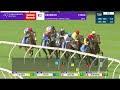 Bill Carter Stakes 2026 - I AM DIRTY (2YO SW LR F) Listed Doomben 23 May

========

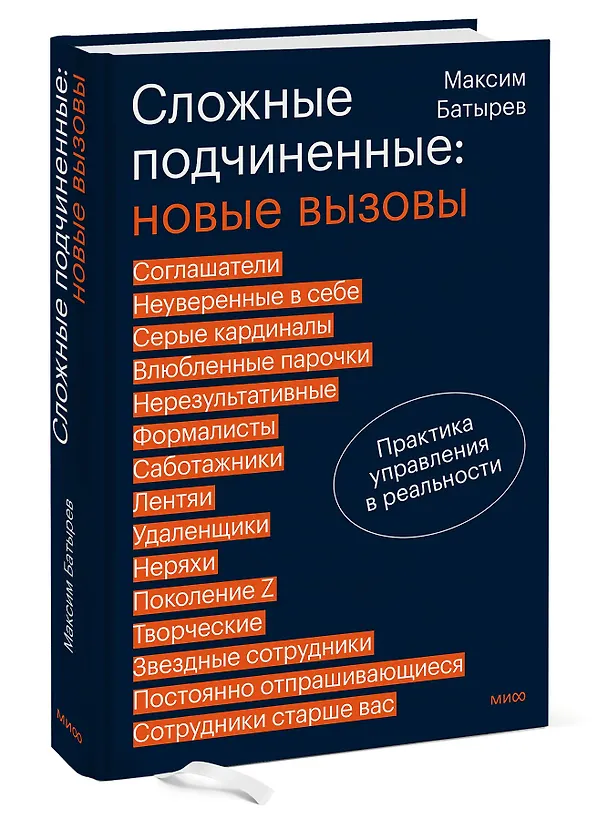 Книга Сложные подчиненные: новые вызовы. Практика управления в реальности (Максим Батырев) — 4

========

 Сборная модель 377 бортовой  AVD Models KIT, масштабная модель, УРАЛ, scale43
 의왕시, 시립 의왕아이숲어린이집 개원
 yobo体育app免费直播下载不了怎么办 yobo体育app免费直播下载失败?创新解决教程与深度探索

========

WORK INSTRUCTIONS:
From the entries above, print the lines beginning at the one with "의왕시, 시립 의왕아이숲어린이집 개원" and stopping after the one with "yobo体育app免费直播下载不了怎么办", exactly as written and with nothing else.

OUTPUT FOR THIS EXERCISE:
 의왕시, 시립 의왕아이숲어린이집 개원
 yobo体育app免费直播下载不了怎么办 yobo体育app免费直播下载失败?创新解决教程与深度探索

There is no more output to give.